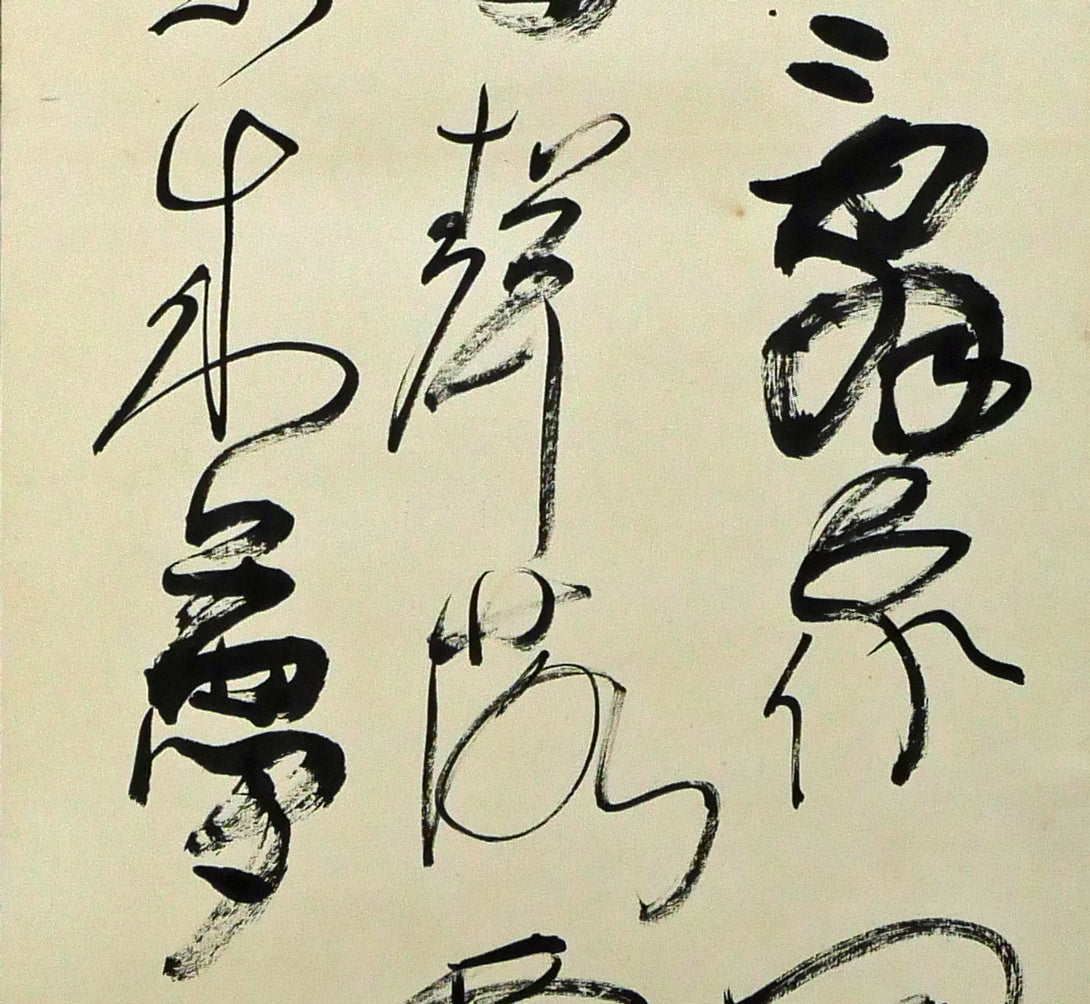 上田桑鳩「秋氣菁凄（七言絶句）」肉筆書掛軸 絵画買取・販売の小竹美術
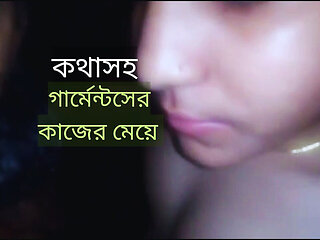 Bangladeshi Working Girl Fucking Her Owner.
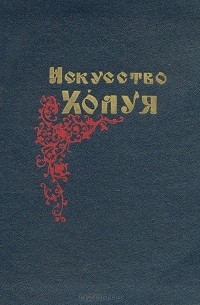 Искусство Холуя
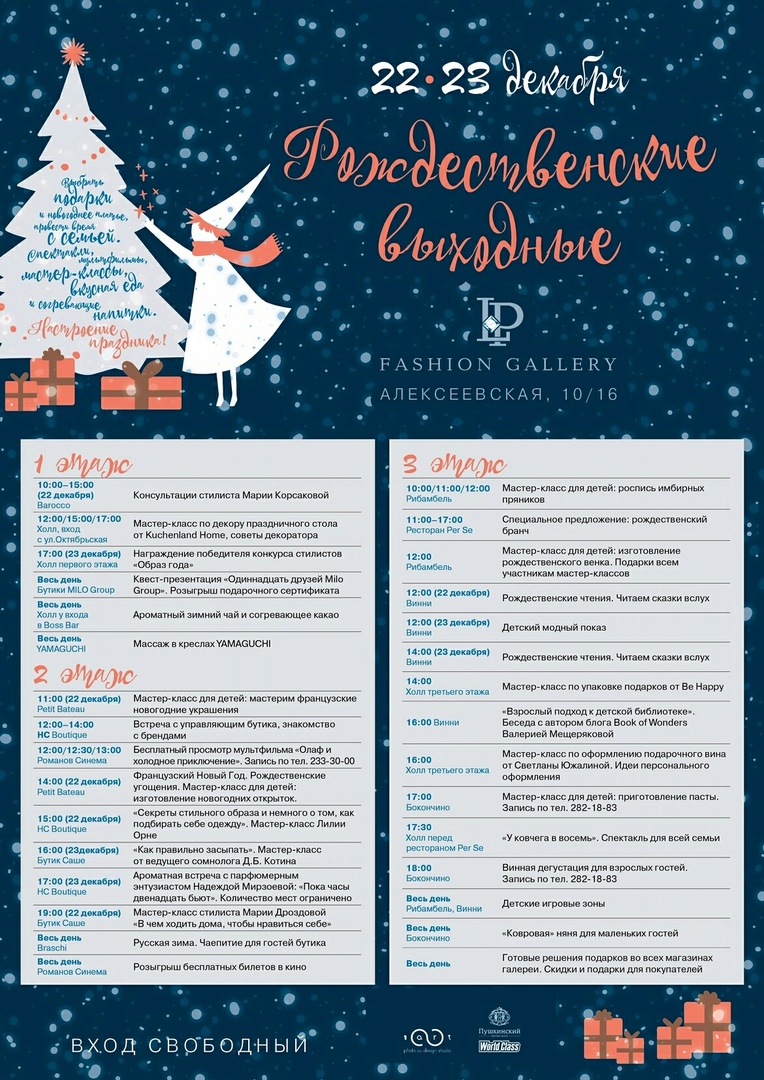 Рождественские выходные Рождественские выходные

### WHAT THE EXERCISE ASKS
Could you print the data exactly as it appears and keep the pictures out?

### SOLVED PROBLEM
 上田桑鳩「秋氣菁凄（七言絶句）」肉筆書掛軸 絵画買取・販売の小竹美術
 Bangladeshi Working Girl Fucking Her Owner.
 Искусство Холуя
 Рождественские выходные Рождественские выходные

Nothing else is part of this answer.